Leverage is one of the biggest reasons why most forex traders lose money. Leverage is a financial tool provided to every forex trader and has the power to multiply both gains and losses for the forex trader.

When a forex trader uses too much leverage, even the slightest market movement against their trade triggers a margin call and wipes out most of the capital from the trader’s account. This is why forex traders should always use 10x or lower leverage on their trades. This provides the trader with some breathing room to compensate for the loss whenever the market goes against their trade.

Due to the accelerated forex and cryptocurrency markets at most times, various arbitrage opportunities are created for traders. Forex and crypto arbitrage is the act of buying an asset from one exchange or broker and selling it at another exchange with a positive difference in the value of that asset. This is a rather safe trading practice but yields fewer profits per trade.


Since prices move slowly in the forex market, traders and investors have the luxury of providing more liquidity to the international foreign exchange market. This is the main reason why the daily trading volume of the forex market sits at around $6.6 trillion.

On the other hand, cryptocurrency trading is only around $200 billion per day. According to these numbers alone, the liquidity of the forex market is around 60 times greater as compared to the liquidity in the cryptocurrency market.

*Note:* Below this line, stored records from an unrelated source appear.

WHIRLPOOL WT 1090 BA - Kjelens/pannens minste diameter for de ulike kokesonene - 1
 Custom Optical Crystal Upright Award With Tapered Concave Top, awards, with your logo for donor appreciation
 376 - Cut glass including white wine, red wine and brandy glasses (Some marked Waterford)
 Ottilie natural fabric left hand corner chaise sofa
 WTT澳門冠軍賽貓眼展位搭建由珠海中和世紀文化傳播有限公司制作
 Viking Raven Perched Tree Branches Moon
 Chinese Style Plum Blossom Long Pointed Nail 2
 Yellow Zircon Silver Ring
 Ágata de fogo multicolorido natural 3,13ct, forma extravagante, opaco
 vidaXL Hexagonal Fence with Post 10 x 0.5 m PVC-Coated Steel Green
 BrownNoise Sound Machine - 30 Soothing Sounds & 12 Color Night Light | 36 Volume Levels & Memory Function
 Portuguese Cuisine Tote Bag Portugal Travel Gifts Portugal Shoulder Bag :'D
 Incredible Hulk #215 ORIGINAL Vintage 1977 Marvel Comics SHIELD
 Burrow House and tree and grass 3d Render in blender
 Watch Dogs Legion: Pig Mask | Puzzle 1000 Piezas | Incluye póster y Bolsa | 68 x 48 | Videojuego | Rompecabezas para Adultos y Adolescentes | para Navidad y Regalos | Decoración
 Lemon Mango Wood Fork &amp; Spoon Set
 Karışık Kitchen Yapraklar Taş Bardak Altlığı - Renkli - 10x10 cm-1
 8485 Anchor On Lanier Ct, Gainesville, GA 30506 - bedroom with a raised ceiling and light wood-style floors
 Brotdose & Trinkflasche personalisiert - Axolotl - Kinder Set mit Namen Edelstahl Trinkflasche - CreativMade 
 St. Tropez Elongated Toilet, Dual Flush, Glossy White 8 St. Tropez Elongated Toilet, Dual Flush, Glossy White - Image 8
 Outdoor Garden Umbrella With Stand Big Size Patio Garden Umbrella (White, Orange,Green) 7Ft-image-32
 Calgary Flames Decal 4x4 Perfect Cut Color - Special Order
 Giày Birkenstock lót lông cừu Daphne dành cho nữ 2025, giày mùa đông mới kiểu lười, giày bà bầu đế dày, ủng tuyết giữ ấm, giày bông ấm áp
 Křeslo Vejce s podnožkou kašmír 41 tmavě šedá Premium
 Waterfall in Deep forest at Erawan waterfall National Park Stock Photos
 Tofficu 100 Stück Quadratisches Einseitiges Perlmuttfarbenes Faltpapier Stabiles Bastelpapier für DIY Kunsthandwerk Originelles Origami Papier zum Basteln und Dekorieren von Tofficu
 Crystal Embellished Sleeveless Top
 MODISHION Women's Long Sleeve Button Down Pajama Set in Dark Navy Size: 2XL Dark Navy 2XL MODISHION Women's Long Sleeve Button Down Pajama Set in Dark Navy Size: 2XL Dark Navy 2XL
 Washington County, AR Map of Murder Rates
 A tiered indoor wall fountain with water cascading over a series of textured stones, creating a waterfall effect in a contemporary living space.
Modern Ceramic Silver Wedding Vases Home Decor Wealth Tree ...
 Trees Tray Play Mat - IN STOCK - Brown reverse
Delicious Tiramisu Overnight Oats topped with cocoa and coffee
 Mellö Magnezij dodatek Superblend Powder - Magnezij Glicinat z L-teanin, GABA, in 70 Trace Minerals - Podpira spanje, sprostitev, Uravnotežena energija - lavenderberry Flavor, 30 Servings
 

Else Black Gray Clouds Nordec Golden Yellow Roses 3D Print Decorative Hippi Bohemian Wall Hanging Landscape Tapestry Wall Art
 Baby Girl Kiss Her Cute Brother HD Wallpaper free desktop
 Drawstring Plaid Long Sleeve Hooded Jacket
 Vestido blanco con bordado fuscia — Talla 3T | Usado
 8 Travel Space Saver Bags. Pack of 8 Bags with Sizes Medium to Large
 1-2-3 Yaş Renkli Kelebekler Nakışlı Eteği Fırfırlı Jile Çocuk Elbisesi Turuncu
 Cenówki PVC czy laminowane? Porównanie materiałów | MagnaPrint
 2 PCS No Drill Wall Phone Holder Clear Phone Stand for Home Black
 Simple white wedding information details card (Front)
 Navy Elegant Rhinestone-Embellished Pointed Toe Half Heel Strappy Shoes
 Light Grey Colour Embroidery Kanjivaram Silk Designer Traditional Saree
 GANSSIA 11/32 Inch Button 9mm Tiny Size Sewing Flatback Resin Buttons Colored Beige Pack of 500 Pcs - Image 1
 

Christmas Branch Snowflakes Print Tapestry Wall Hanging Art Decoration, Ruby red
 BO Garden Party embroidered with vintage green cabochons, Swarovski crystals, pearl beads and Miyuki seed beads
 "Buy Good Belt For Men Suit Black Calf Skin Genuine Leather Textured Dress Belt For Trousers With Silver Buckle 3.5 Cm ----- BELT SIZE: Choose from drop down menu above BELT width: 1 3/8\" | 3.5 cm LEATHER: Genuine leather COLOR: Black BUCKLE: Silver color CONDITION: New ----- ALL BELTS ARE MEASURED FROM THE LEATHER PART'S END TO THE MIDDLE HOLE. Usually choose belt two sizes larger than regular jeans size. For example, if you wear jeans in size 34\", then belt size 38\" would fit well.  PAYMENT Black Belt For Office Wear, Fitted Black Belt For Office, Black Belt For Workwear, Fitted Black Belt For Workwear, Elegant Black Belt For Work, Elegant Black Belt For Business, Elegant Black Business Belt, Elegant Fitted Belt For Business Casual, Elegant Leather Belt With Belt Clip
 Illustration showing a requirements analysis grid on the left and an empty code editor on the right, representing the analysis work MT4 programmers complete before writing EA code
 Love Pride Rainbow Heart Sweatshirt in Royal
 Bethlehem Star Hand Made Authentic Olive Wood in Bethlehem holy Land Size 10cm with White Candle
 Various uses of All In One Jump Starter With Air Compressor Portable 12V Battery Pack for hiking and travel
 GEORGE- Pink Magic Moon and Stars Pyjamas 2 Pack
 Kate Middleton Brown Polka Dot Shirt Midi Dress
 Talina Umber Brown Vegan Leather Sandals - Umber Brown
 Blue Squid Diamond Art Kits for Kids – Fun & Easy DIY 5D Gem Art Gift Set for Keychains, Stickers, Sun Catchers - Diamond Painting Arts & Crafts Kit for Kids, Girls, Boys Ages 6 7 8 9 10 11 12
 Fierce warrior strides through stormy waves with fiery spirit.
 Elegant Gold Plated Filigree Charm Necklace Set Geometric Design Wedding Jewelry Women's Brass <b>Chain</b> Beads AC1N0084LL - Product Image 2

While both the forex and crypto markets are huge in their volume, the higher liquidity of the forex market allows traders to enter and exit their trading positions quickly.

Market Operations

Both forex and crypto markets keep up their operations around the clock, as this helps them meet the needs of their traders. Forex and crypto exchanges have their offices set up around the globe, and phone applications are making trading even easier with every passing day.


When it comes to volatility, crypto trading wins by a huge margin. Crypto trading is always more volatile and requires a high margin. This is why forex trading provides high leverage as compared to crypto trading.

Market Hours

The forex market stays open for trading around the clock five days a week and rests on Saturday and Sunday. While some forex brokers do provide trading over the weekend, you’ll be placing most of the trades against your broker, which isn’t a good idea.

On the other hand, the crypto market never shuts down. The market stays open 24/7 and operates normally over the weekends as well. This gives crypto traders the liberty to trade any time of the day.

Pricing Structure

In the case of the forex market, the interbank market controls the price of currency pairs. Brokers use their spreads to create their pricing by taking the interbank price as a template.

On the other hand, the value of a cryptocurrency is automatically calculated by the algorithm according to the amount of liquidity provided by investors of that crypto.

Cryptocurrency exchanges have reserves of cryptocurrencies which you can buy or sell from at any given time.

There are both centralized and decentralized cryptocurrency exchanges operating in the international crypto trading market. Centralized exchanges keep hold of all your cryptocurrency and can even freeze your account.

On the other hand, decentralized cryptocurrency exchanges are completely unregulated, and users have complete ownership of their cryptocurrency. However, both centralized and decentralized cryptocurrency exchanges come with their benefits and risks.


By taking a look at the forex and cryptocurrency trading markets, we can easily conclude that both of them come with their benefits and risks.

From a regulatory point of view, the forex market is more regulated and is thus safer for large-scale investors.

On the other hand, the cryptocurrency market is completely decentralized and unregulated and thus loved by investors and traders who are not big fans of the current centralized forex market.

However, because of the significantly lower trading volume of the cryptocurrency market compared to the international foreign exchange market, cryptocurrencies have less liquidity, and exiting large trades quickly becomes difficult for traders. The forex market, on the other hand, is very liquid, and you can enter or exit the market at any given time.